BEGIN Given records

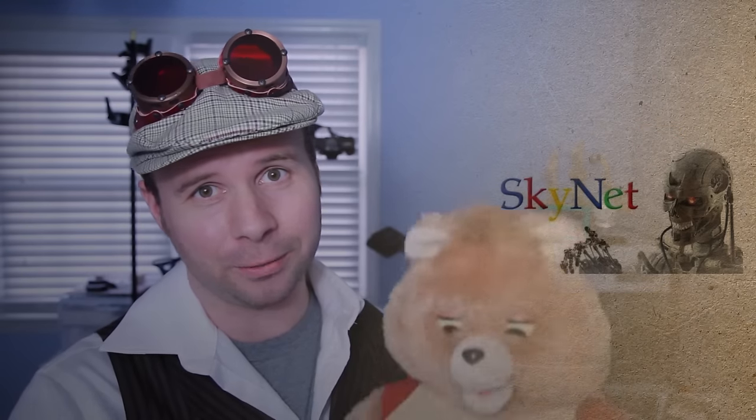There are so many virtual assistants out there now that have the Skynet creep factor. If you can't beat them, join them. In case you missed it, last time I ventured into Freddy Fazbear territory by hacking into a teddy bear, allowing me to control its eyes and mouth. So now we must take the next logical step: give it artificial intelligence.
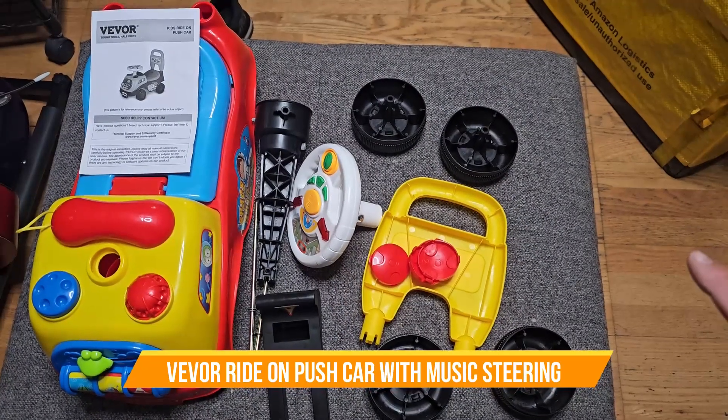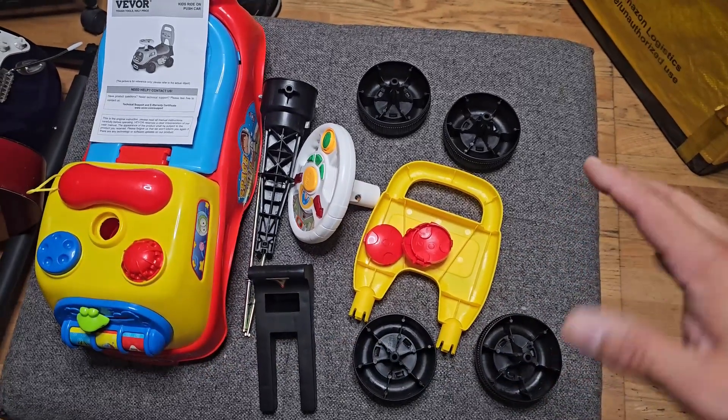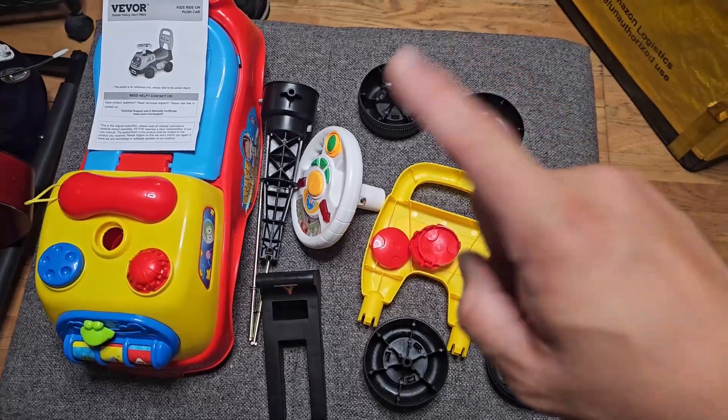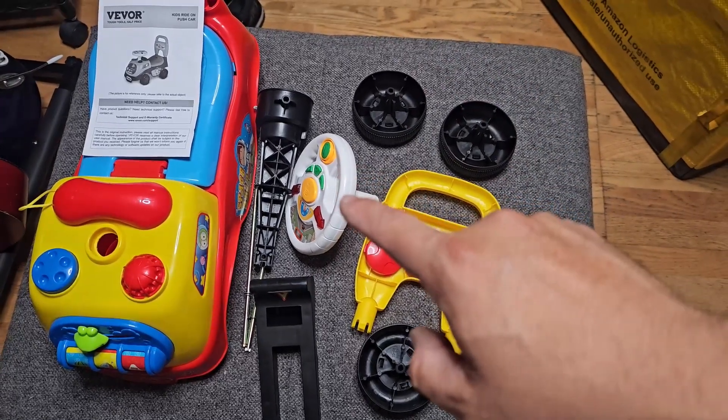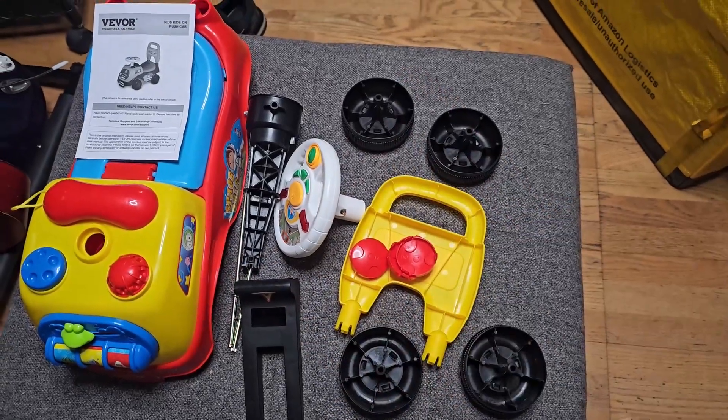Today we're going to assemble a kids ride — a push cart for kids and toddlers ages three and lower. It doesn't come with batteries, but it does require batteries for the sounds it makes, and it has little toys on the side. Let's put it together and see how it looks.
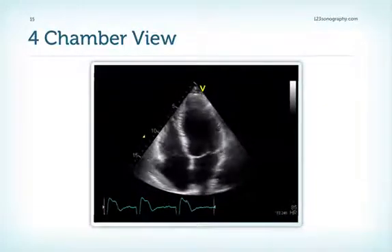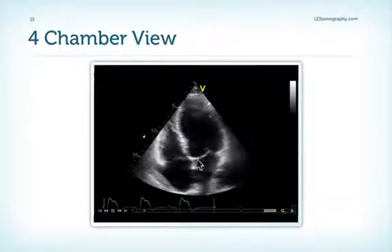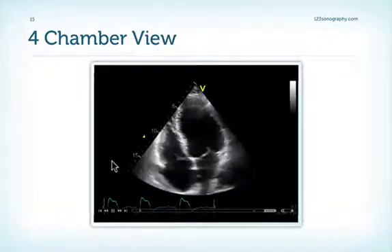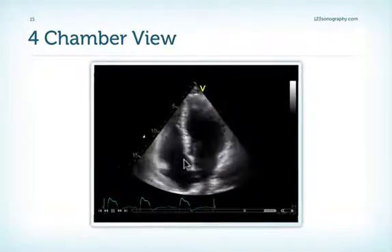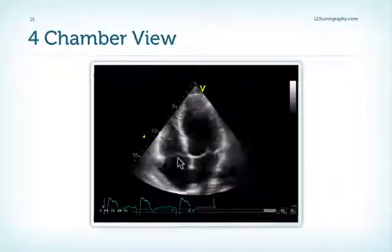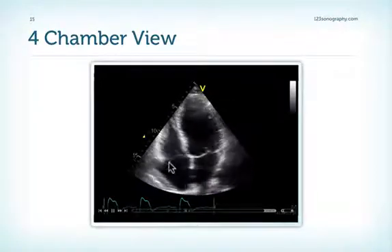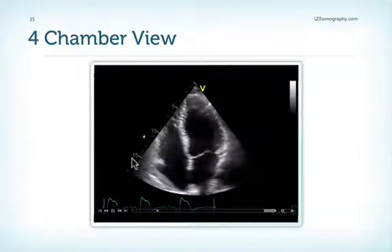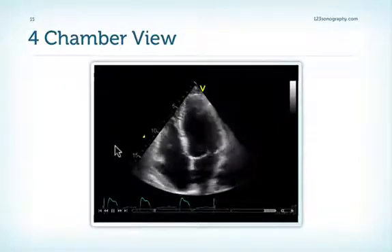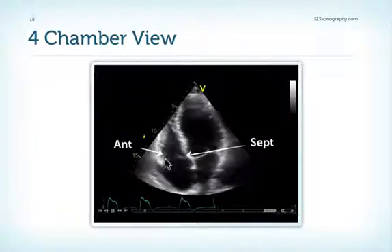The four-chamber view again, with the tricuspid valve visible. Which leaflet is this and which leaflet is this? The leaflet attached to the septum must be the septal leaflet. The other one here is the anterior leaflet — unless you tilt the transducer far down until you see the coronary sinus, in which case you would have the posterior leaflet. So: septal leaflet and anterior leaflet.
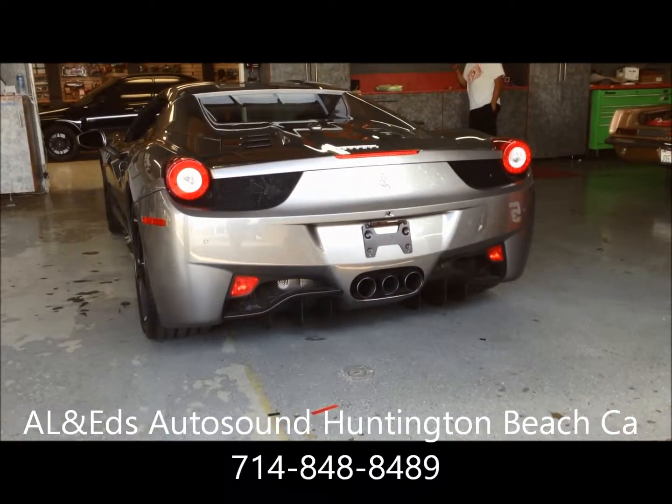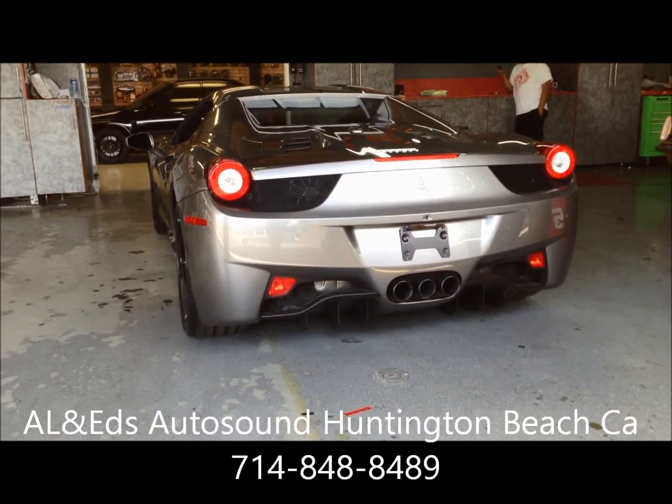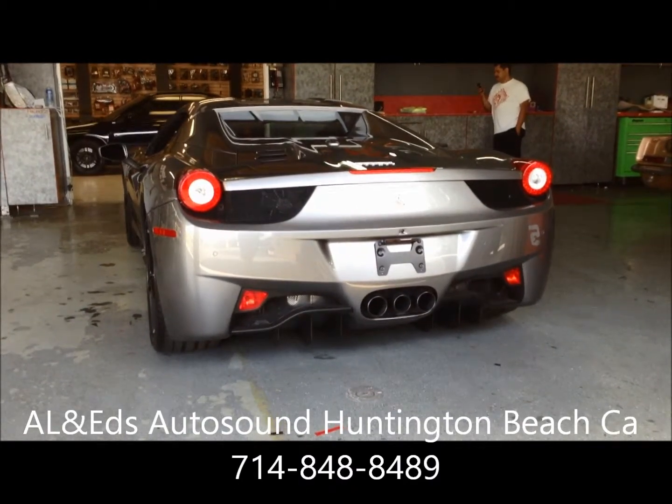Hey everyone, this is Ed with Alan Ed's Auto Sound. This is a 2013 Ferrari 458 Spyder. We did the Escort 9500 CI on this.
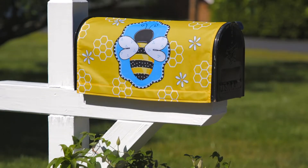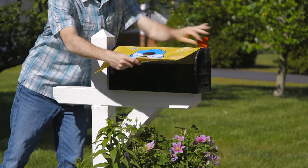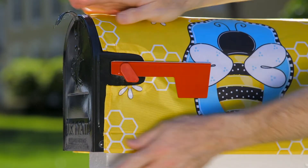Our mailbox covers are an easy way to dress up your mailbox. They attach securely to almost any metal mailbox using magnetic strips that are sewn into the edges, as well as on the corners around the postal flag cutout.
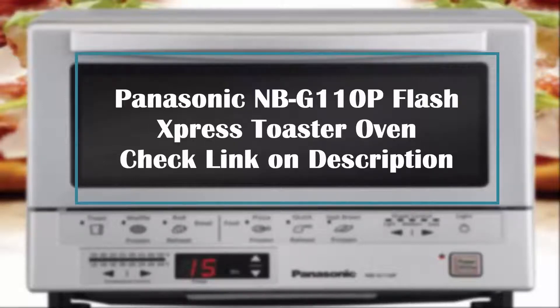In this episode of Virgin Review, I am going to review the Panasonic Flash Press Toaster Oven. If you want to buy one, check the Amazon link in the video description.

END Given records

Your goal » Without the pictures, print all of the records exactly.

Completed exercise »
There are so many virtual assistants out there now that have the Skynet creep factor. If you can't beat them, join them. In case you missed it, last time I ventured into Freddy Fazbear territory by hacking into a teddy bear, allowing me to control its eyes and mouth. So now we must take the next logical step: give it artificial intelligence.
Today we're going to assemble a kids ride — a push cart for kids and toddlers ages three and lower. It doesn't come with batteries, but it does require batteries for the sounds it makes, and it has little toys on the side. Let's put it together and see how it looks.
The four-chamber view again, with the tricuspid valve visible. Which leaflet is this and which leaflet is this? The leaflet attached to the septum must be the septal leaflet. The other one here is the anterior leaflet — unless you tilt the transducer far down until you see the coronary sinus, in which case you would have the posterior leaflet. So: septal leaflet and anterior leaflet.
Hey everyone, this is Ed with Alan Ed's Auto Sound. This is a 2013 Ferrari 458 Spyder. We did the Escort 9500 CI on this.
Our mailbox covers are an easy way to dress up your mailbox. They attach securely to almost any metal mailbox using magnetic strips that are sewn into the edges, as well as on the corners around the postal flag cutout.
In this episode of Virgin Review, I am going to review the Panasonic Flash Press Toaster Oven. If you want to buy one, check the Amazon link in the video description.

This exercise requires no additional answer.